67% of Europeans think that women do not possess the required capabilities in order to access high-level scientific positions.
Paris, September 16th, 2015 - The Maison de la Chimie hosted the L'Oréal Foundation’s #ChangeTheNumbers press conference this morning. On this occasion the results of its exclusive international collaborative study with OpinionWay were announced in order to help understand the causes of disparities affecting women in science and the obstacles they face in their professional progression.

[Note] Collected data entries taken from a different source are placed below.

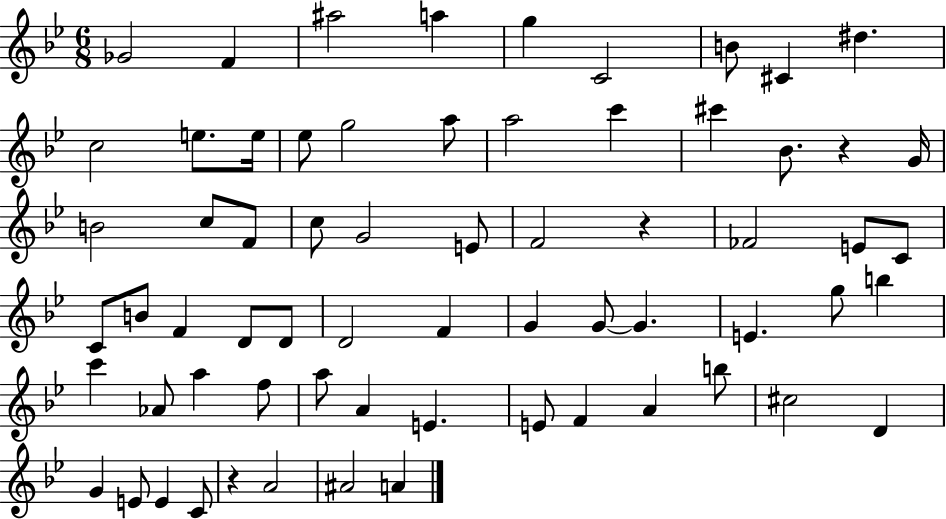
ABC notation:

X:1
T:Untitled
M:6/8
L:1/4
K:Bb
_G2 F ^a2 a g C2 B/2 ^C ^d c2 e/2 e/4 _e/2 g2 a/2 a2 c' ^c' _B/2 z G/4 B2 c/2 F/2 c/2 G2 E/2 F2 z _F2 E/2 C/2 C/2 B/2 F D/2 D/2 D2 F G G/2 G E g/2 b c' _A/2 a f/2 a/2 A E E/2 F A b/2 ^c2 D G E/2 E C/2 z A2 ^A2 A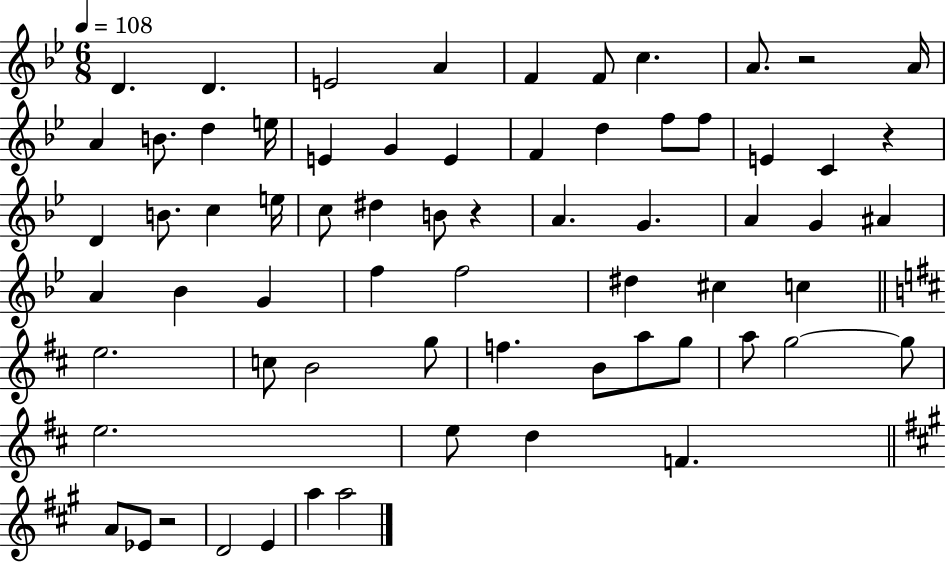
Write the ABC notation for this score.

X:1
T:Untitled
M:6/8
L:1/4
K:Bb
D D E2 A F F/2 c A/2 z2 A/4 A B/2 d e/4 E G E F d f/2 f/2 E C z D B/2 c e/4 c/2 ^d B/2 z A G A G ^A A _B G f f2 ^d ^c c e2 c/2 B2 g/2 f B/2 a/2 g/2 a/2 g2 g/2 e2 e/2 d F A/2 _E/2 z2 D2 E a a2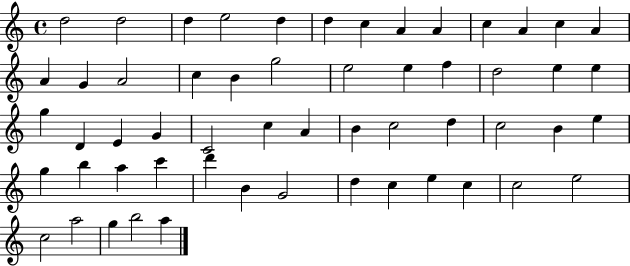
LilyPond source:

{
  \clef treble
  \time 4/4
  \defaultTimeSignature
  \key c \major
  d''2 d''2 | d''4 e''2 d''4 | d''4 c''4 a'4 a'4 | c''4 a'4 c''4 a'4 | \break a'4 g'4 a'2 | c''4 b'4 g''2 | e''2 e''4 f''4 | d''2 e''4 e''4 | \break g''4 d'4 e'4 g'4 | c'2 c''4 a'4 | b'4 c''2 d''4 | c''2 b'4 e''4 | \break g''4 b''4 a''4 c'''4 | d'''4 b'4 g'2 | d''4 c''4 e''4 c''4 | c''2 e''2 | \break c''2 a''2 | g''4 b''2 a''4 | \bar "|."
}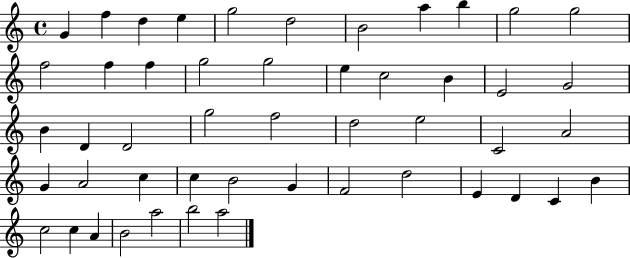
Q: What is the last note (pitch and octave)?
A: A5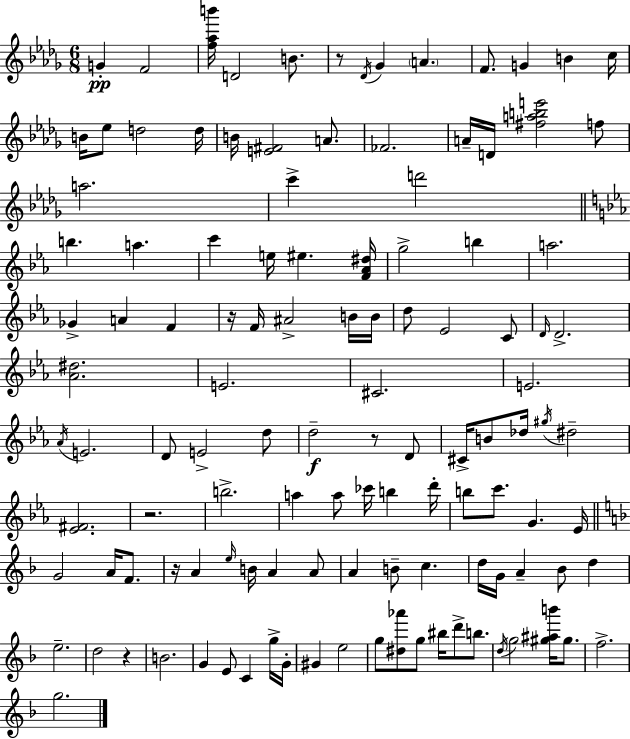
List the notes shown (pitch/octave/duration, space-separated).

G4/q F4/h [F5,Ab5,B6]/s D4/h B4/e. R/e Db4/s Gb4/q A4/q. F4/e. G4/q B4/q C5/s B4/s Eb5/e D5/h D5/s B4/s [E4,F#4]/h A4/e. FES4/h. A4/s D4/s [F#5,A5,B5,E6]/h F5/e A5/h. C6/q D6/h B5/q. A5/q. C6/q E5/s EIS5/q. [F4,Ab4,D#5]/s G5/h B5/q A5/h. Gb4/q A4/q F4/q R/s F4/s A#4/h B4/s B4/s D5/e Eb4/h C4/e D4/s D4/h. [Ab4,D#5]/h. E4/h. C#4/h. E4/h. Ab4/s E4/h. D4/e E4/h D5/e D5/h R/e D4/e C#4/s B4/e Db5/s G#5/s D#5/h [Eb4,F#4]/h. R/h. B5/h. A5/q A5/e CES6/s B5/q D6/s B5/e C6/e. G4/q. Eb4/s G4/h A4/s F4/e. R/s A4/q E5/s B4/s A4/q A4/e A4/q B4/e C5/q. D5/s G4/s A4/q Bb4/e D5/q E5/h. D5/h R/q B4/h. G4/q E4/e C4/q G5/s G4/s G#4/q E5/h G5/e [D#5,Ab6]/e G5/e BIS5/s D6/e B5/e. D5/s G5/h [G#5,A#5,B6]/s G#5/e. F5/h. G5/h.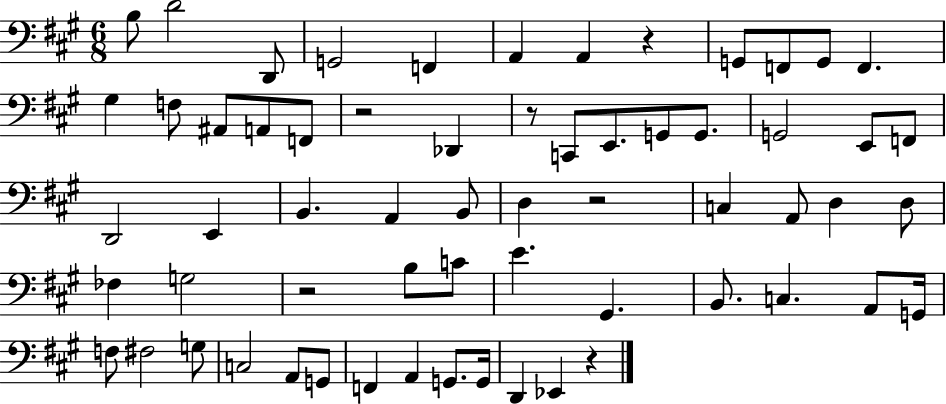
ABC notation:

X:1
T:Untitled
M:6/8
L:1/4
K:A
B,/2 D2 D,,/2 G,,2 F,, A,, A,, z G,,/2 F,,/2 G,,/2 F,, ^G, F,/2 ^A,,/2 A,,/2 F,,/2 z2 _D,, z/2 C,,/2 E,,/2 G,,/2 G,,/2 G,,2 E,,/2 F,,/2 D,,2 E,, B,, A,, B,,/2 D, z2 C, A,,/2 D, D,/2 _F, G,2 z2 B,/2 C/2 E ^G,, B,,/2 C, A,,/2 G,,/4 F,/2 ^F,2 G,/2 C,2 A,,/2 G,,/2 F,, A,, G,,/2 G,,/4 D,, _E,, z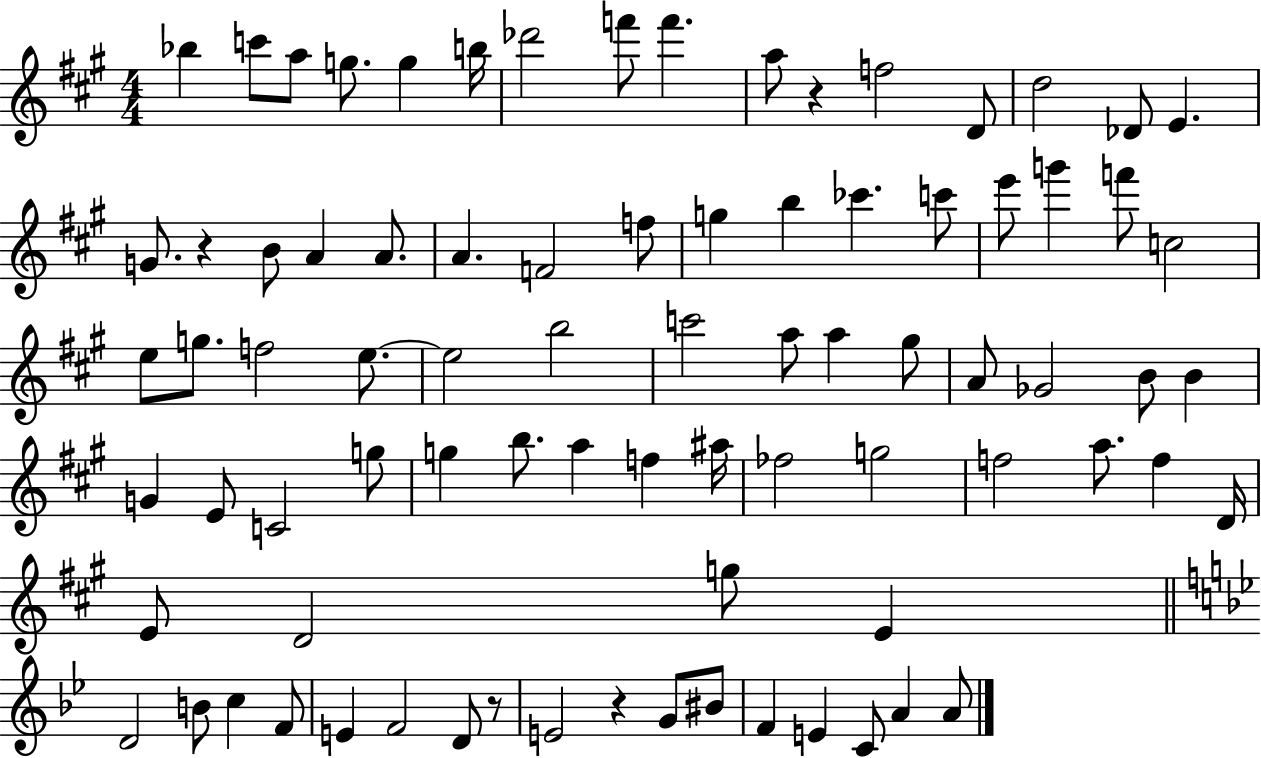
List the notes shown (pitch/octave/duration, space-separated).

Bb5/q C6/e A5/e G5/e. G5/q B5/s Db6/h F6/e F6/q. A5/e R/q F5/h D4/e D5/h Db4/e E4/q. G4/e. R/q B4/e A4/q A4/e. A4/q. F4/h F5/e G5/q B5/q CES6/q. C6/e E6/e G6/q F6/e C5/h E5/e G5/e. F5/h E5/e. E5/h B5/h C6/h A5/e A5/q G#5/e A4/e Gb4/h B4/e B4/q G4/q E4/e C4/h G5/e G5/q B5/e. A5/q F5/q A#5/s FES5/h G5/h F5/h A5/e. F5/q D4/s E4/e D4/h G5/e E4/q D4/h B4/e C5/q F4/e E4/q F4/h D4/e R/e E4/h R/q G4/e BIS4/e F4/q E4/q C4/e A4/q A4/e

David Macdonald, Philanthropy Director of For Women in Science, noted that the public is not aware of the weight with which prejudices are still anchored in perceptions, at a time when only 30% of researchers are women.1
To enrich this study, the L'Oréal Foundation called upon testimonies from women scientists that it has rewarded. It had the honour of welcoming Elizabeth Blackburn as a spokesperson on this subject, Laureate of the L'Oréal-UNESCO Award For Women in Science and the Nobel Prize in Physiology or Medicine in 2009. She says:
"Having had to overcome prejudices myself throughout my career, it seems essential to me to participate in this fundamental movement in order to significantly push boundaries."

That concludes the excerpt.